» WORK TO COMPLETE
Would you please repeat exactly the entries below, starting at the line with "Easter element set" and ending at the line with "Stainless Steel Star", and nothing outside that range? Leave out the pictures.

Start of DATA SUPPLIED

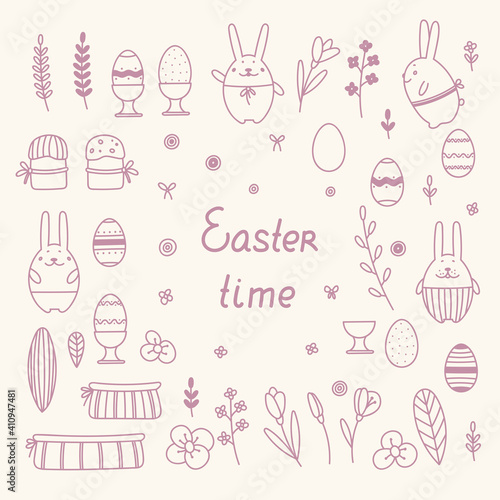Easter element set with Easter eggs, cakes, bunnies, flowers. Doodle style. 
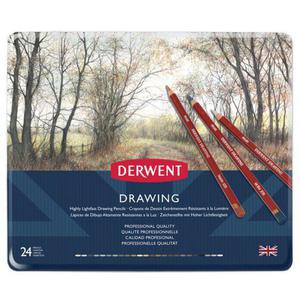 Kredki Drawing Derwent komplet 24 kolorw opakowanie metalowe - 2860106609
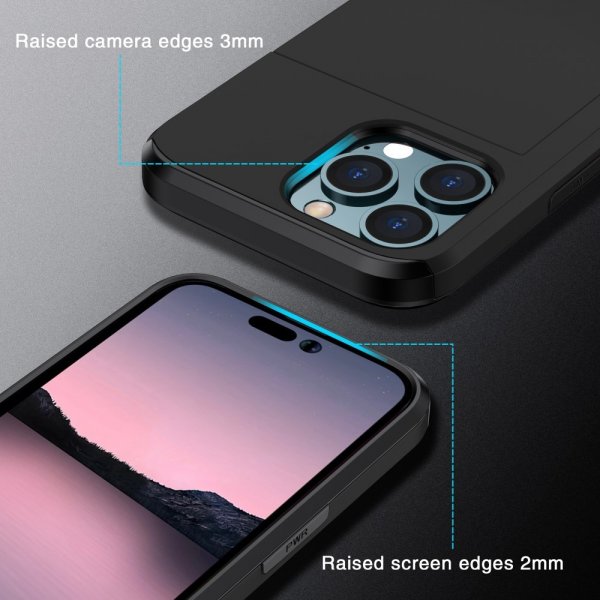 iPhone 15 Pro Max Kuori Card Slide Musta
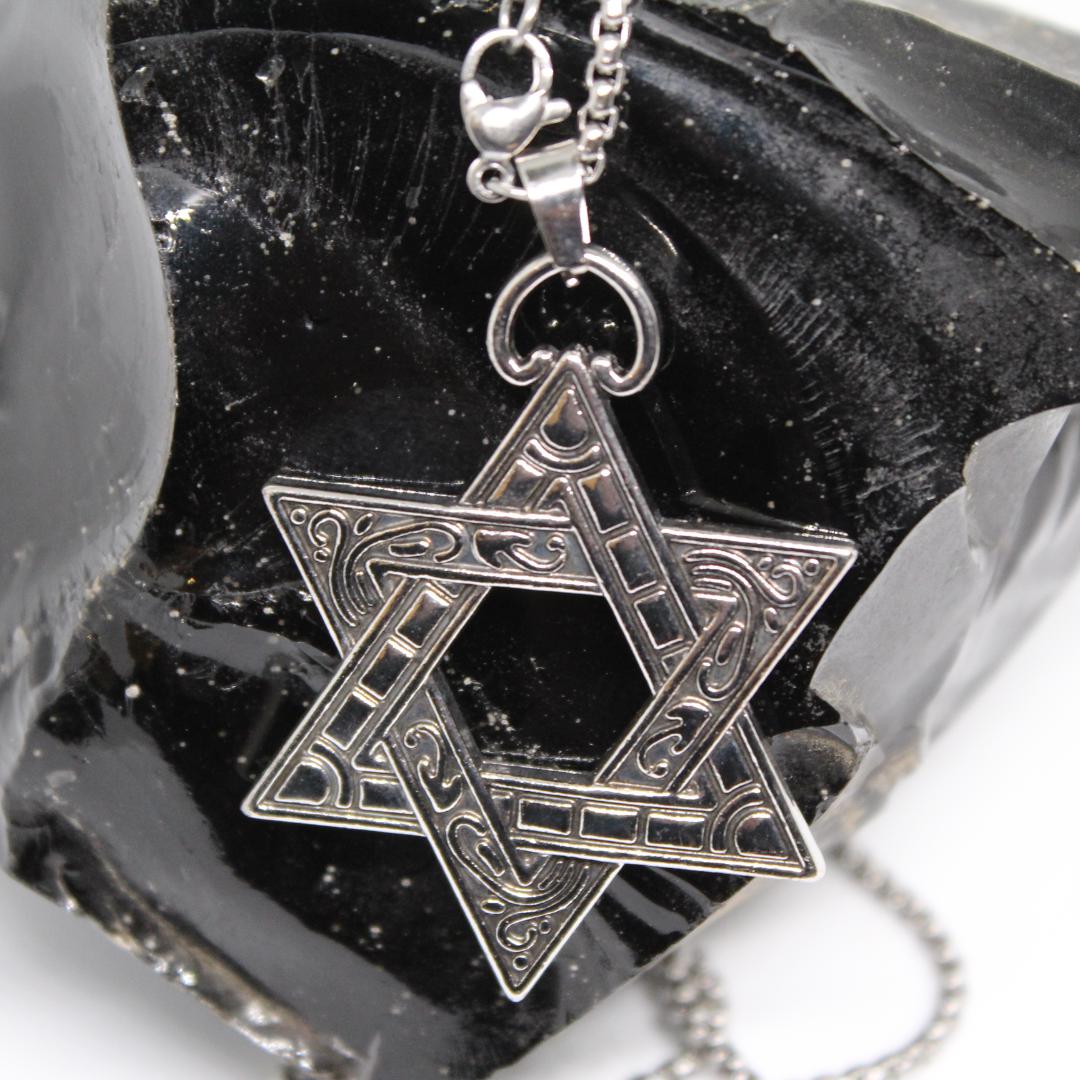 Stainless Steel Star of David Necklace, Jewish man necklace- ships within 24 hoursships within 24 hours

End of DATA SUPPLIED
Start of DATA SUPPLIED

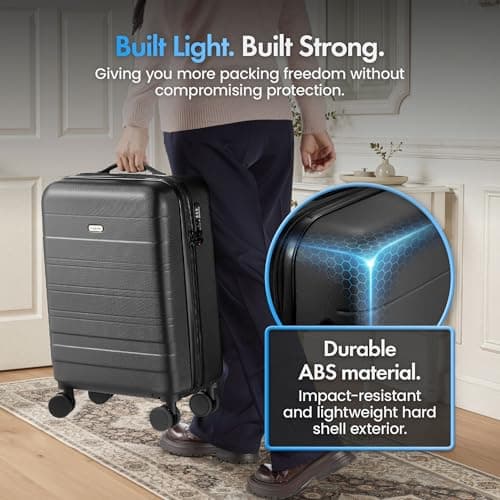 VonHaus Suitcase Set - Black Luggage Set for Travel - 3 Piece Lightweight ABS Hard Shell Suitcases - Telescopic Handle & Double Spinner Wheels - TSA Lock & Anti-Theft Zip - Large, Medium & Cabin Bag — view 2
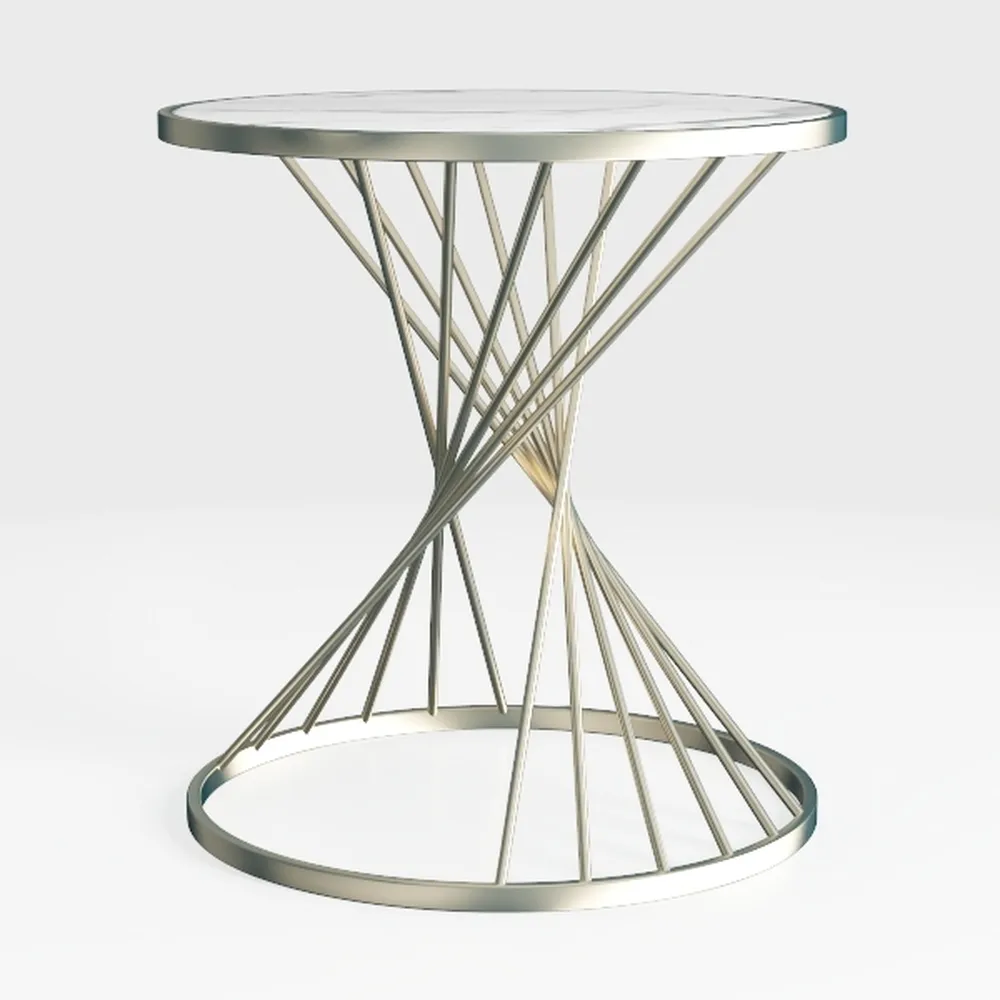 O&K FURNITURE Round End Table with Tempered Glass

End of DATA SUPPLIED

» SOLUTION
Easter element set with Easter eggs, cakes, bunnies, flowers. Doodle style. 
 Kredki Drawing Derwent komplet 24 kolorw opakowanie metalowe - 2860106609
 iPhone 15 Pro Max Kuori Card Slide Musta
 Stainless Steel Star of David Necklace, Jewish man necklace- ships within 24 hoursships within 24 hours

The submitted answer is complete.